Over the last few weeks there have been several days when I’ve thought to myself, sun – check; not raining – check; flowers appearing – check; oh, it must finally be spring. Snowdrops have come and gone, daffodils have appeared all over the place and cheered us up with their yellow radiance. There have even been some periods of actual warmth.
But every time I start to think that spring has won the battle against winter, the clouds descend, the temperature drops and we get another blast of it. Two days ago I spent the day off sick from work: curled up on my armchair, clutching a mug of hot lemon drink and a box of paper hankies, wrapped up in a big blanket and shivering.
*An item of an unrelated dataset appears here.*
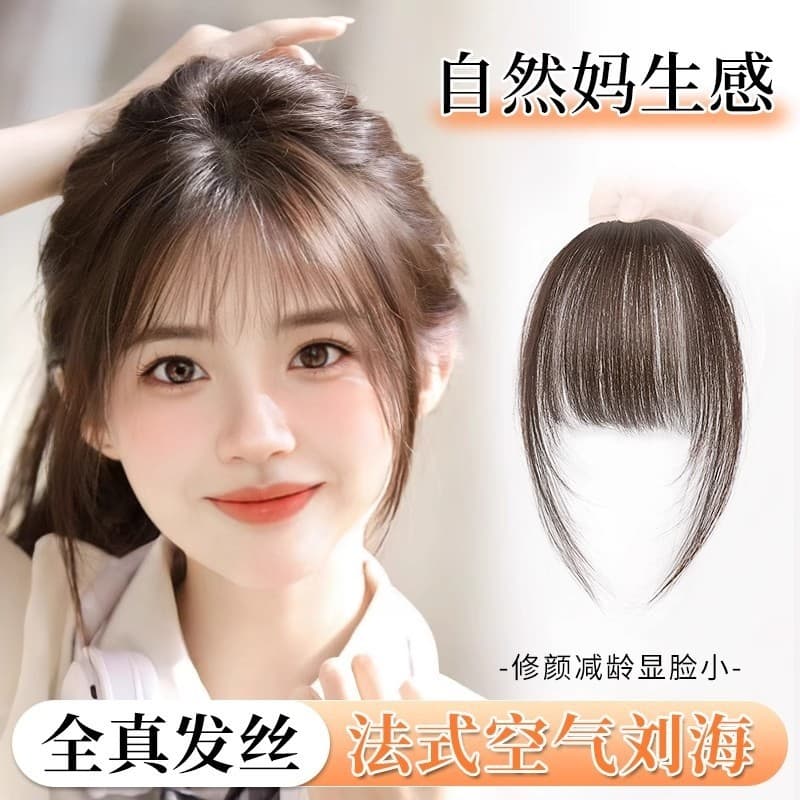 Air bangs wig, fake bangs for women, natural front volume, fluffy head, French oblique bangs, real hair figures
It seemed that every time I glanced out the window, it was snowing again, or sleeting, or snailing, or fleeting – or some other variation on winter precipitation.
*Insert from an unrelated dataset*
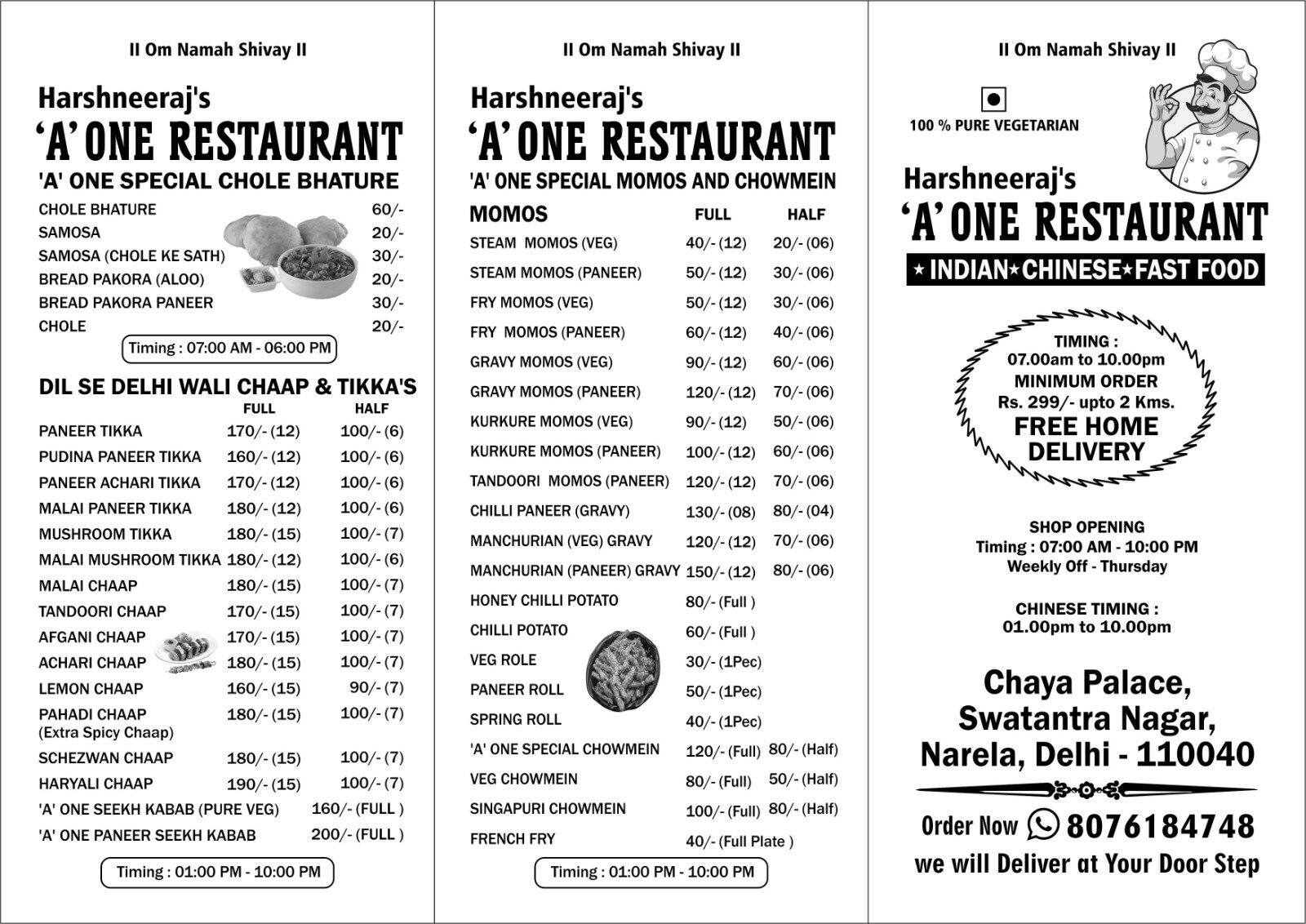 Menu of 'A' One Restaurant, Narela, New Delhi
Today is different. Okay, it rained a lot during the night, and now it’s grey and cool and drizzly, but there’s a promise of mildness in the air, a new freshness. And when I walked up the hill from the post office this morning everywhere I turned my ears I could hear birdsong.
In my garden it’s not only the usual suspects – chaffinches, tits and blackbirds. When I put my head out the back door I saw that the hedge was crammed full of the little local flock of sparrows, which I’ve hardly seen over the winter. Jenny Wren is back on the fencepost, and there’s a new robin patrolling the lawn (replacing the one my naughty cats ate in February).
Up the hill at the back, an entire army of blackbirds is pulling out the dead, long grass to line their nests, and tits are swooping back and forth in every direction. Even the hooded crows up in the old tree sound a little less mournful now that there’s light in the sky and a sense of warmth behind the clouds.
Out on the roadside there seems to be a nest in every tree, and the battle for territory and mates is hotting up. Bluebell spikes are pushing through (down south I expect they’re already beginning to flower, but here in Bonnie Scotland they are true May denizens) and pussy willows and hazel catkins waft their yellow pollen over everything. Yes, it’s definitely spring. The anti-histamines in my medicine cabinet confirm it, whatever the weather.
And down on the Main Street there’s not a parking space to be had; the cafes are full of damp tourists knocking back Death by Chocolate and giant pieces of gateau, and every house painter on the island is hard at work on one façade or another. We may yet be blessed with another flurry or two of snow, or a run of hard-frost mornings, but the tide has turned. Spring rises, on moontide or storm surge or sun-drenched sea mist, or maybe on a week of sunshine to mark Eastertide. No matter – it comes, regardless, as the blackbirds know. There’s no stopping it now.